Extracted records:
◇ ◇ ◇ ◇ ◇ ◇ ◇

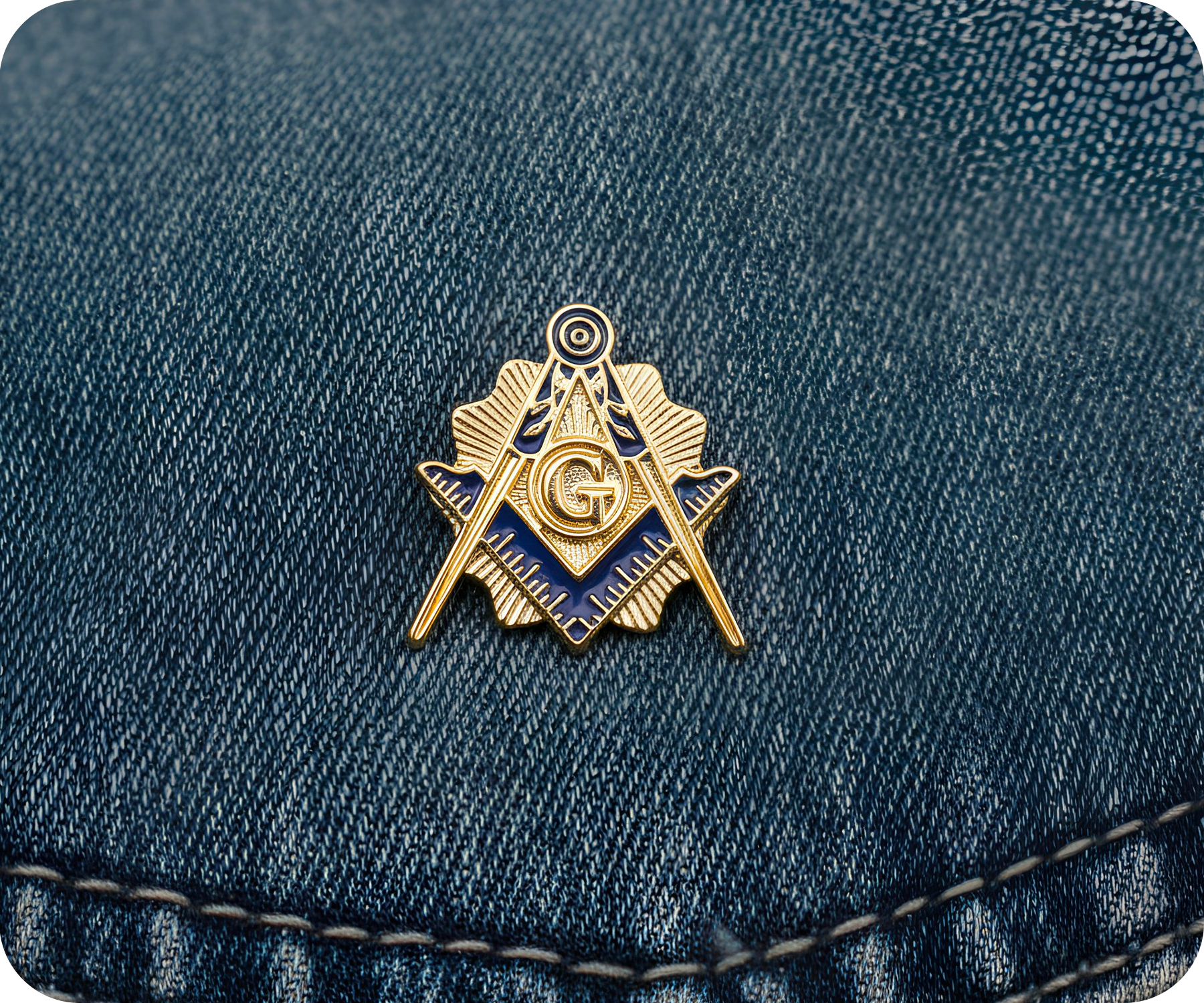 Masonic Gold & Blue Free Masons Compass Pin Badge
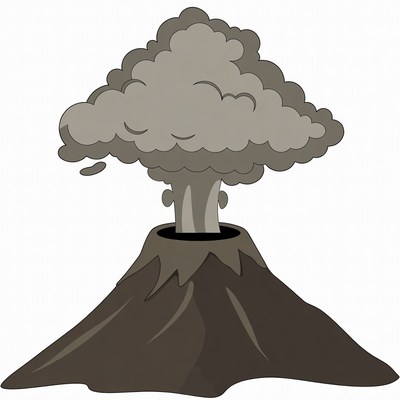 Erupting Volcano Illustration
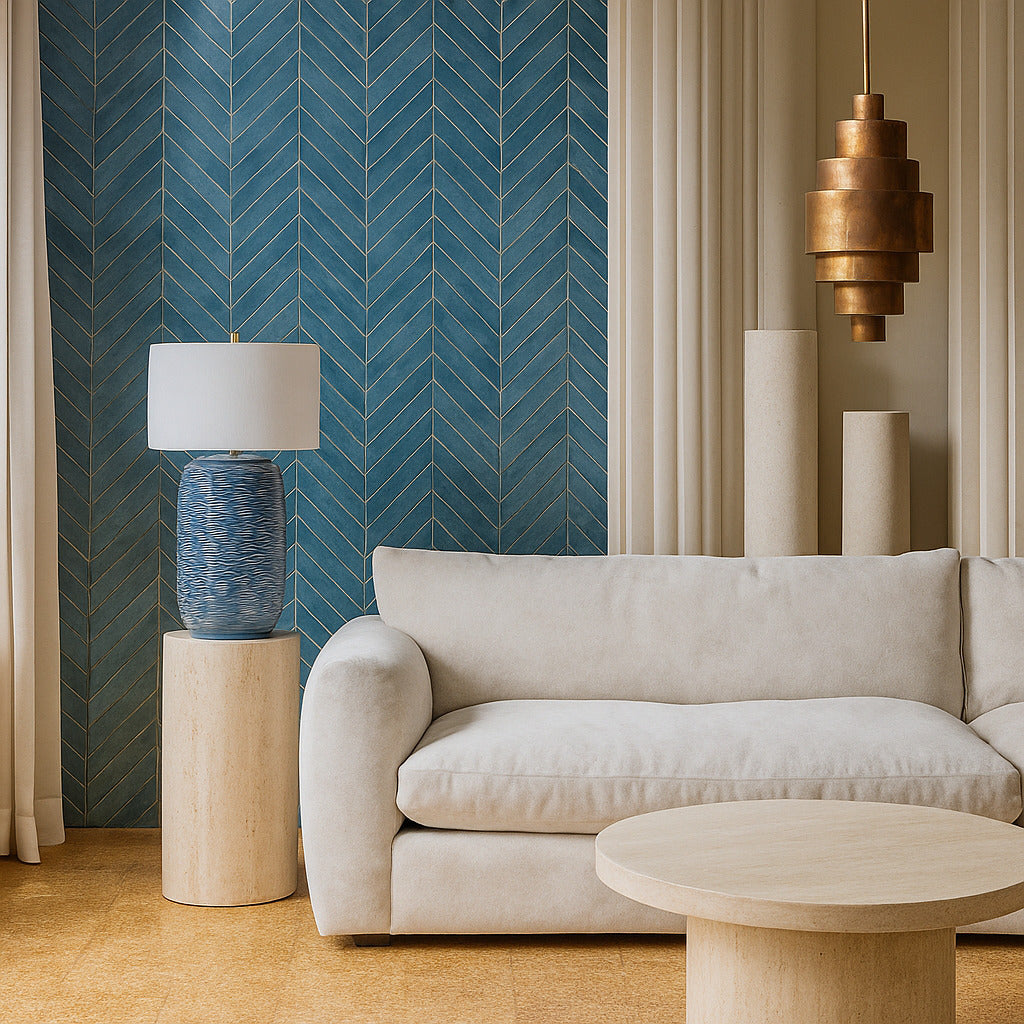 Modern living room with a beige sofa, blue chevron-patterned wall, and decorative lamp.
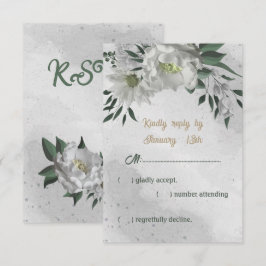 romantische witte bloemen grilly botanische bruilo RSVP kaartje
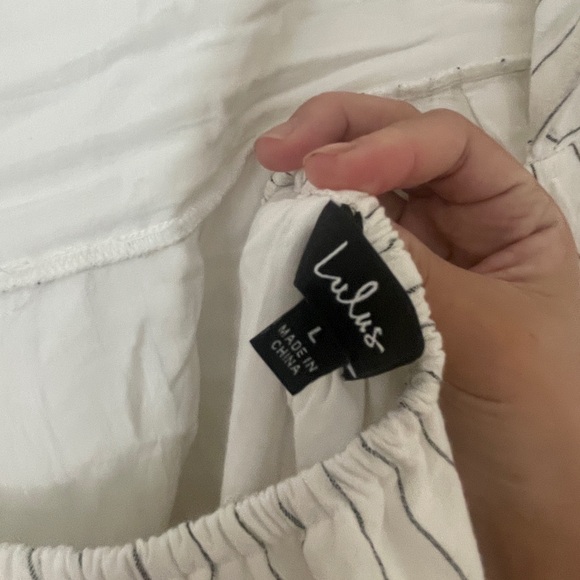 Lulus White Striped Tie-Back Midi Dress with Pockets maternity friendly size L - Picture 6 of 10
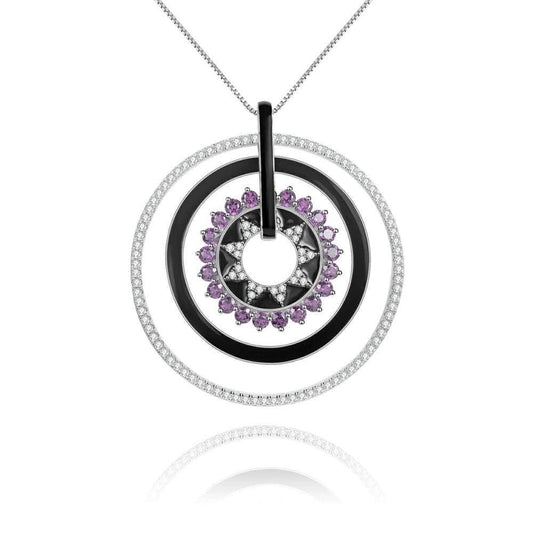 Natural Round Gemstone Necklace-Black Diamonds New York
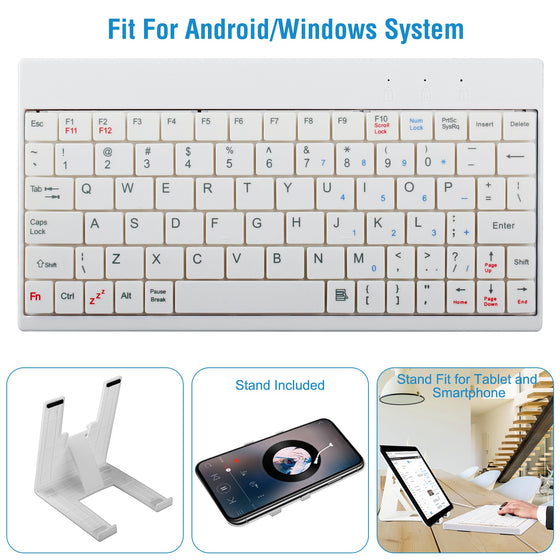 White 80-key mini keyboard with tablet stand and usage photos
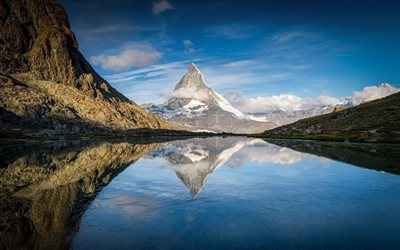 mountain lake, reflection, mountains, the matterhorn, alps, matterhorn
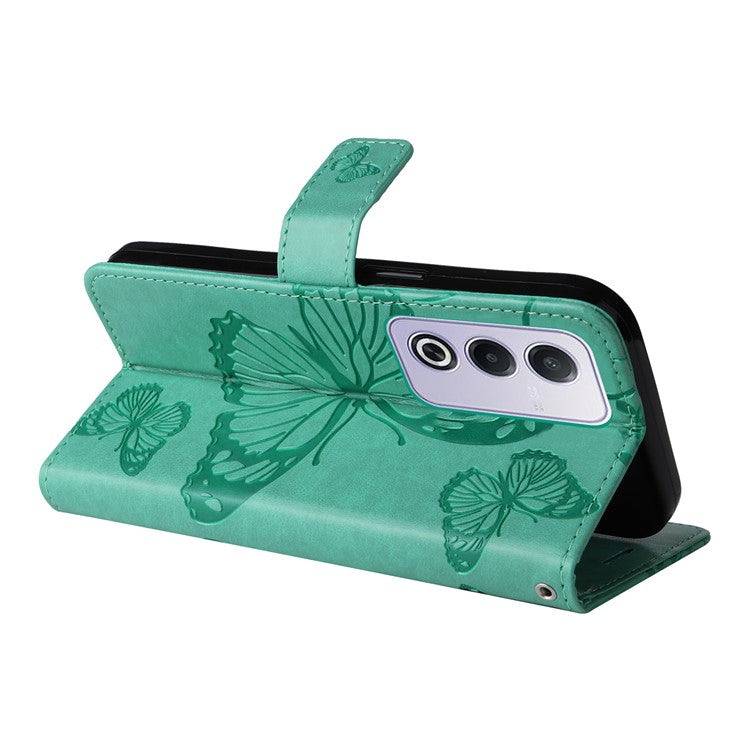 KT Imprinting Flower Series-2 For Oppo A3 Pro (Global) 5G Case Floral Butterfly Leather Wallet Phone Cover - Green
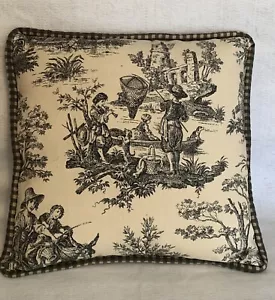 French Country Cottage Pillow Farm Fresh Black Ivory Toile Check 16x16 - Picture 1 of 4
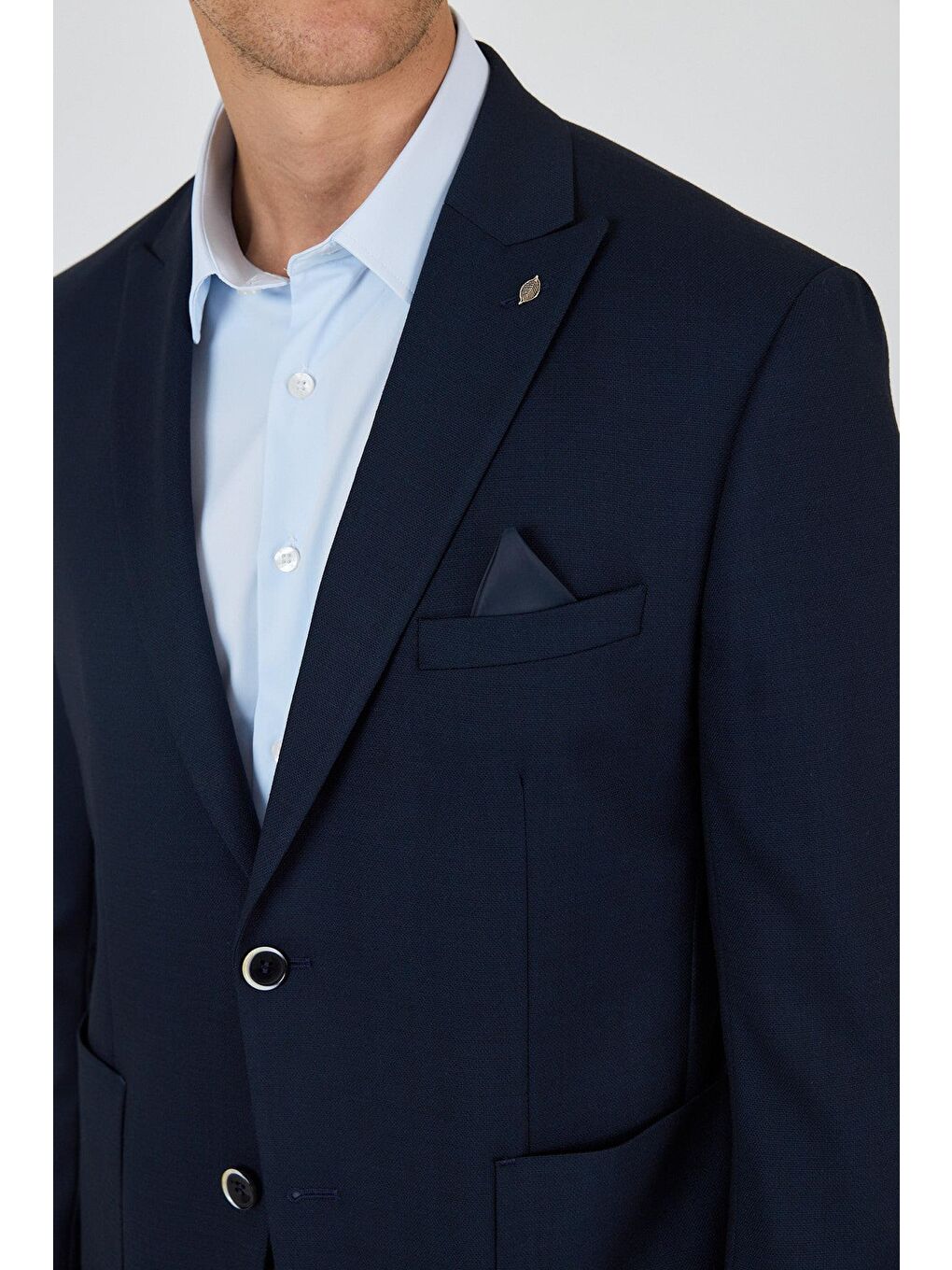 Lacivert Kılıç Yaka   Esnek 6 Drop Slim Fit Classic  Ceket 1002250124-2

◇ ◇ ◇ ◇ ◇ ◇ ◇

(What you should do)
Please transcribe, word for word, every line from the first line of the records above through the line containing "Lulus White Striped", and leave out any pictures.

(Output of the task)
 Masonic Gold & Blue Free Masons Compass Pin Badge
 Erupting Volcano Illustration
 Modern living room with a beige sofa, blue chevron-patterned wall, and decorative lamp.
 romantische witte bloemen grilly botanische bruilo RSVP kaartje
 Lulus White Striped Tie-Back Midi Dress with Pockets maternity friendly size L - Picture 6 of 10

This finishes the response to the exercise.